Considered as one of the greatest players of the Open era, Ivan Lendl had won 94 ATP titles and almost the same number on clay, carpet and hard, playing on a high level both on outdoor and indoor courts. Lendl's place among the all-time great competitors could have been even higher if he had managed to perform better in Grand Slam finals (8-11) or to win a Major on grass that had constantly run away from him despite all the efforts to change his game and make it more "grass-friendly."

Between 1983-1990, Lendl played in no less than ten Grand Slam semi-finals on grass, seven of those at Wimbledon and another three in Australia, unable to take that last step and claim the title, losing in the title match at 1983 Australian Open to Mats Wilander and again in 1986 and 1987 at Wimbledon to Boris Becker and Pat Cash.

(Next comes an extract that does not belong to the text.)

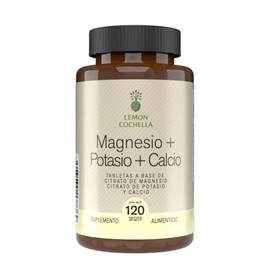 Citrato de Magnesio Potasio y Calcio - Suplemento alimenticio con 120 tabletas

In the late 80s, Ivan had been at his zenith on the ATP Tour, throwing everything on that elusive Wimbledon title, competing in the semi-final for five consecutive years but with no luck, suffering losses against Boris Becker and Stefan Edberg in 1988, 1989 and 1990.

Lendl at least took the second prize, winning two Queen's titles in 1989 and 1990, playing on an excellent level at this prestigious event in the latter season, dropping 26 games in five encounter and only 11 against Wimbledon champions McEnroe and Becker, defending the title in style and confirming significant progress on the fastest surface over the years.

Between 1985-1993, Lendl and Becker had met 21 times and it was a close rivalry right from the start despite the fact Lendl came victorious in the first four clashes. Becker toppled the Czech in their first three meetings on grass at Wimbledon although it was a different story at Queen's 1990, with Ivan celebrating a 6-3, 6-2 triumph on June 17 to defend the title he lifted 12 months ago and make another significant step in Wimbledon assault.

Dominating with his first serve, Lendl fended off all five break points faced in the opening game of the match, playing better and better as the battle progressed to leave Boris miles behind, scoring four breaks and firing around 35 winners to have the upper hand all the time.

As was expected, the quickest exchanges up to four strokes decided the winner and Lendl had a massive advantage in those, serving well and using every opportunity on the return to keep Becker off-balance and impose his strokes.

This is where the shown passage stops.